This blog reflects my deep interest in the different ways the various cultures and subcultures in this world conceive of the world and our lives within it. I was born in Asia, hold a UK passport, lived for most of my adult life in France, and now live in the US as a resident alien, working as a psychotherapist in private practice in San Francisco. Issues of cultural identity and displacement are very close to 'home' for me, and for many of my clients.

Thursday, April 14, 2011

You Are What You Speak: Sapir-Whorf

The Sapir-Whorf principle is also known as 'the principle of linguistic relativity'. It claims that our conception of the world is shaped by--even controlled by--our language.

The 'strong' version of the Sapir-Whorf hypothesis holds that that language determines thought--in other words, you can't think at all outside the boxes created by the words you use. The 'weak' version holds that language influences, but does not completely determine thought.

This theory led linguists in the 70's to investigate colour perception. They eventually found that although we tend to segment the colour spectrum according to the ways our language provides for us, we are nevertheless able to see all the colours. (This supports the weak version.) Traditional Welsh, for example, has the word 'glas', that describes a certain grey/green/blue colour. English speakers don't have that word, but they can see the colour.

In her science fiction novel, Native Tongue, Suzette Haden Elgin shows how linguistic relativity works, and how the words we have available to us control what we do and do not perceive. She does it by inventing both a word, and the concept that it describes:

"When you look at another person, what do you see? Two arms, two legs, a face, an assortment of parts. Am I right? Now, there is a continuous surface of the body, a space that begins with the inside flesh of the fingers and continues over the palm of the hand and up the inner side of the arm to the bend of the elbow. Everyone has that surface; in fact, everyone has two of them.
I will name that the 'athad' of the person. Imagine the athad, please. See it clearly in your mind -- perceive, here are my own two athads, the left one and the right one. And there are both of your athads, very nice ones.
Where there was no athad before, there will always be one now, because you will perceive the athad of every person you look at, as you perceive their nose and their hair. From now on.... Now it exists. Now I can say, 'What beautiful athads you have.' "
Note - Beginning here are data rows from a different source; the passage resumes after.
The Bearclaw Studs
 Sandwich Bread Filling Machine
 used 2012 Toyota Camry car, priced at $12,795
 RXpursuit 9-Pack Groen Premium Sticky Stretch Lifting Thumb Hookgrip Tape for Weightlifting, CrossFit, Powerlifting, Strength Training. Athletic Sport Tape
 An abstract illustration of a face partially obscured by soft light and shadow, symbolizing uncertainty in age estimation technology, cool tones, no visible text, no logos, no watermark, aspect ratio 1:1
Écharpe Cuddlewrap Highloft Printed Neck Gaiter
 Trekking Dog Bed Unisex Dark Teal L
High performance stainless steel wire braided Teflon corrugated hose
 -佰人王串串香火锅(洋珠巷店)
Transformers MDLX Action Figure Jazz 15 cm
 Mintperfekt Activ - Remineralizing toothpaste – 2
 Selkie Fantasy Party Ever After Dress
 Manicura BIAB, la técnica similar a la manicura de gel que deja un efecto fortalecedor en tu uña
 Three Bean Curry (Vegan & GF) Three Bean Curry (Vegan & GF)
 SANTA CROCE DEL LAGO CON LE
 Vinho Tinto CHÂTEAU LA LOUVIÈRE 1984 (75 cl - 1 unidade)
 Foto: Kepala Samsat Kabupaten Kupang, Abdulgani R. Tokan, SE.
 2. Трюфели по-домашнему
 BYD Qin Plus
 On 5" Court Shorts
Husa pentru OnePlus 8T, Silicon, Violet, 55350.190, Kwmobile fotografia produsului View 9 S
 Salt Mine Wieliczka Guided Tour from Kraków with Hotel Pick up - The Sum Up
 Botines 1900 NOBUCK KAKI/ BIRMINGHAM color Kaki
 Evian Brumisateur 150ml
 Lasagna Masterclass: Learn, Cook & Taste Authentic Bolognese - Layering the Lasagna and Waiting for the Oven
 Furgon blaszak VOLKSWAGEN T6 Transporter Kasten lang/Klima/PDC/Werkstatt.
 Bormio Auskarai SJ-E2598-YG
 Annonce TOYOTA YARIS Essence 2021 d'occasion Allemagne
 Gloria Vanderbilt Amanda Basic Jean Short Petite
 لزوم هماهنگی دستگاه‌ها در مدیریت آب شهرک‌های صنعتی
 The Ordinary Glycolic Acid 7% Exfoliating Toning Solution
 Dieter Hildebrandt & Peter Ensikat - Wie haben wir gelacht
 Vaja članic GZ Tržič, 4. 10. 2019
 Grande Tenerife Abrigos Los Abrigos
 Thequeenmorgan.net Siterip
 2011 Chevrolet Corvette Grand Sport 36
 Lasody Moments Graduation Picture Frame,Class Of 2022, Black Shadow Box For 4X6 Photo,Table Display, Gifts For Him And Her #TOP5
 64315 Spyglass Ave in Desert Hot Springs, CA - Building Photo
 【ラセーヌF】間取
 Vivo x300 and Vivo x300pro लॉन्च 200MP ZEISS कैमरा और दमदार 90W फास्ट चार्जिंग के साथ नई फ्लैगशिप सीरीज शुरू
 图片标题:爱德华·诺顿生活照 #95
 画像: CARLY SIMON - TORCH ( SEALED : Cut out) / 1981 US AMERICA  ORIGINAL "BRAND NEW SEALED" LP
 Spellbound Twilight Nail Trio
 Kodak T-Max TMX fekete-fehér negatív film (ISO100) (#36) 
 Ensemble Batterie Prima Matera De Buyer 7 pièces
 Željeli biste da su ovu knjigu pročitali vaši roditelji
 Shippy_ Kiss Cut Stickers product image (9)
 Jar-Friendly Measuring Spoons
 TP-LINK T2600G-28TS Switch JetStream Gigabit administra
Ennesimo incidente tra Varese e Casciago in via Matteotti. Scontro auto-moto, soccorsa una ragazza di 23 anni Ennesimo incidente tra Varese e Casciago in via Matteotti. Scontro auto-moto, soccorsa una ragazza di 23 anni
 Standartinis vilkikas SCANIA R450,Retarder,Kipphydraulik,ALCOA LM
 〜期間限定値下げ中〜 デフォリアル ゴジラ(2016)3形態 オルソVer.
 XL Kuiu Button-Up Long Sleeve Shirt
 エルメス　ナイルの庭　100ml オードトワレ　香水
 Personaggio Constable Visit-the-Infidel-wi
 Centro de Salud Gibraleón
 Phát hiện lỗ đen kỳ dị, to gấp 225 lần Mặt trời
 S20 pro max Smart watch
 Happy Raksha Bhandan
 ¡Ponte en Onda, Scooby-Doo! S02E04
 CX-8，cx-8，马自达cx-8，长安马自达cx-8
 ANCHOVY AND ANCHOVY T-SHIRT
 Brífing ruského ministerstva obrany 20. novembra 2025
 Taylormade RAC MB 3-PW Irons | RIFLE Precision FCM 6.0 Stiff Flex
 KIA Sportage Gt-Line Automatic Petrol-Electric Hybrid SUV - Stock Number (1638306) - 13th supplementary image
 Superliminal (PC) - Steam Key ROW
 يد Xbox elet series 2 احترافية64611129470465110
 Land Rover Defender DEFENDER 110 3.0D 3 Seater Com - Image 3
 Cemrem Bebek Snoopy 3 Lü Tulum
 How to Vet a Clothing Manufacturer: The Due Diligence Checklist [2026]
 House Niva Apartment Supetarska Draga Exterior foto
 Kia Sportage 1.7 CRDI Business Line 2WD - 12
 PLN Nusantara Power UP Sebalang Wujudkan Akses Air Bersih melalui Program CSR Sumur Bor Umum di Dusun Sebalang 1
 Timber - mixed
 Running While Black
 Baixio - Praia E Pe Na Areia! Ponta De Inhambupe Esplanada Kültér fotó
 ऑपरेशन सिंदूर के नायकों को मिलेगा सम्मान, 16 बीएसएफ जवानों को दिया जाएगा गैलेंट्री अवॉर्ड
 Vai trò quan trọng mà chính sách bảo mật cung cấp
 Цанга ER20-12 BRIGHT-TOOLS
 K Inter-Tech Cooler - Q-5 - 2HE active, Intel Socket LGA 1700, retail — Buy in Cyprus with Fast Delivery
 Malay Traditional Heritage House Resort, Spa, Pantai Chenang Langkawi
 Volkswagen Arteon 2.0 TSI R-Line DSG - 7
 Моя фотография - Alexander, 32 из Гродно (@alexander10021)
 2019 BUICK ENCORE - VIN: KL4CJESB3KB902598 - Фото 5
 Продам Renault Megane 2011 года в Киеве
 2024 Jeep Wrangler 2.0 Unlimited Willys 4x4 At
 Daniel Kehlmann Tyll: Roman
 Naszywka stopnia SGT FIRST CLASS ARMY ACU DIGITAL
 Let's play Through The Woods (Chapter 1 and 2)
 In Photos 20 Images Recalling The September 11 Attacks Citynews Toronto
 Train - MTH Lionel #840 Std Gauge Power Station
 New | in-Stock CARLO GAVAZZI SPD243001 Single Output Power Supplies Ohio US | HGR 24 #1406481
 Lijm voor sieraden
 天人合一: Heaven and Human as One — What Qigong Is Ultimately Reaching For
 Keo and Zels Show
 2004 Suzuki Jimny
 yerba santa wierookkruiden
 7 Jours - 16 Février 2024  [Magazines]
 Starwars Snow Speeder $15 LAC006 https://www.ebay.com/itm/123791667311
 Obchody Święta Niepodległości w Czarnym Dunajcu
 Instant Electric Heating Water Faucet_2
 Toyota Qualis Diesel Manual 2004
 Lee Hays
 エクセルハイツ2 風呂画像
The process of learning another language in sufficient depth to really speak it changes us. Every language describes the world differently. Those of us who are bilingual can tend to feel we have two personalities inside us, with slightly (or considerably) different conceptions of the world. The way we are in the world, and who we feel ourselves to be, varies depending which language we are speaking.

Even if are monolingual, we may have had a flavour of what this is like. Most of us have probably had the experience of knowing something, but knowing that we knew it until someone named it for us. For example, I knew I had a certain way of interacting with nature, but couldn't describe it, or explain why it was different from another way of interacting with nature, until I read Martin Buber's book I And Thou. Buber coined the term "I/Thou relationship". When I read it, I knew instantly what he meant, that it described my experience, and that it rendered that experience communicable for the first time. This reflects the weak form of linguistic relativity--I was able to experience something, but that experience was not fully conceivable until I was provided with language that could express it.

This is why communication--especially therapy--is tricky across languages. It's one root of 'othering'--it's hard to really get the world view of a person of a different linguistic culture, and even harder to get that their 'strange' worldview is equally real, equally normal, and equally valid, unless you have had the experience of trying to squeeze your reality through the funnel of a foreign language.

1 comment:

  1. I'm monolingual, but I think I get it :) Software engineers learn and create many layers of abstraction-languages, and then have profound difficulties communicating with their peers who are fluent in other abstractions. The attributes of the abstractions and languages used (functional, dynamic, procedural, object-oriented, etc) clearly shape one's cognition w/r/t any given software problem.